Het reptiel

  • AFDRUKKEN
  • VERSTUREN

Het reptiel

Hoe ziet het dier er uit?

Reptielen zijn gewervelde dieren met een huid gemaakt van schubben. Gewervelde dieren hebben een skelet met een wervelkolom, een rij aan botten die van de nek tot hun staart loopt.

Ze zijn koudbloedig en produceren geen lichaamswarmte, zodat ze afhankelijk zijn van de grondtempratuur en stralingswarmte om hun lichaamstempratuur te regelen.

Ook hebben alle reptielen longen. Zelfs waterreptielen zoals de zeeschildpad. Dus ook zij moeten wel eens naar boven om te ademen.

Veel reptielen doen aan camouflage. Ze hebben schubben met ongeveer dezelfde kleur als hun omgeving, waardoor je ze niet goed kunt zien.

Dieren die vallen onder de categorie reptielen zijn slangen, schildpadden, krokodillen en hagedissen. Ook de dinosauriërs van vroeger vielen onder de reptielen.  Reptielen stammen af van de amfibieën.

Hoe planten ze zich voort?

Reptielen planten zich voort door eieren te leggen of door levende jongen te baren, afhankelijk van de soort.

Eieren leggen: De meeste reptielen, zoals schildpadden, slangen, en hagedissen, leggen eieren. Ze zoeken een veilige plek, zoals een zandige of verborgen plek, waar ze hun eieren kunnen begraven. De babyreptielen ontwikkelen zich in de eieren en komen na een tijdje uit, vaak zonder hulp van hun ouders.

Levende jongen baren: Sommige reptielen, zoals sommige soorten slangen en hagedissen, houden hun eieren in hun lichaam totdat de baby's klaar zijn om geboren te worden. Dit lijkt een beetje op de manier waarop zoogdieren, zoals mensen, baby's krijgen.

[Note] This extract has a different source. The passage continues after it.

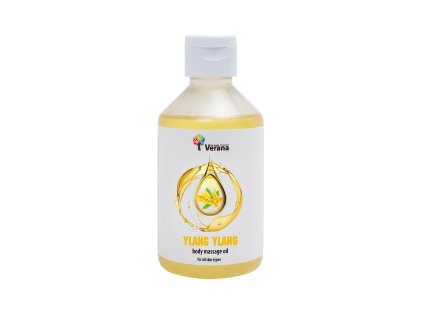 Verana masážní olej Ylang Ylang 250ml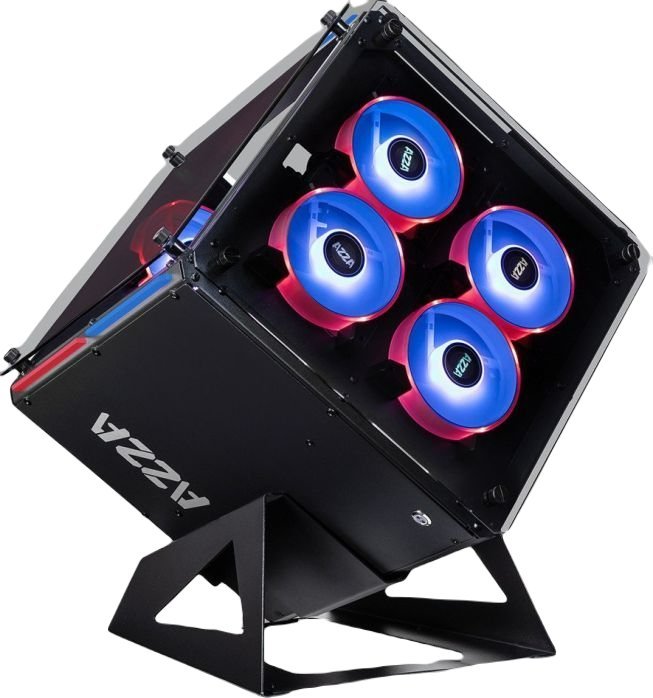 Kasë Azza Cube 802F, Cube Tower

In beide gevallen zorgen de jonge reptielen meteen voor zichzelf nadat ze geboren zijn of uit het ei komen.

Wat eet een reptiel?

Reptielen eten verschillende dingen, afhankelijk van de soort.

Vleeseters (carnivoren): Sommige reptielen, zoals slangen en krokodillen, eten vooral vlees. Ze jagen op andere dieren, zoals muizen, vogels, of vissen.

Planteneters (herbivoren): Andere reptielen, zoals sommige schildpadden en leguanen, eten vooral planten. Ze eten bladeren, bloemen, en soms fruit.

Alleseters (omnivoren): Er zijn ook reptielen, zoals sommige hagedissen, die zowel vlees als planten eten. Ze eten bijvoorbeeld insecten en af en toe een stukje fruit of groente.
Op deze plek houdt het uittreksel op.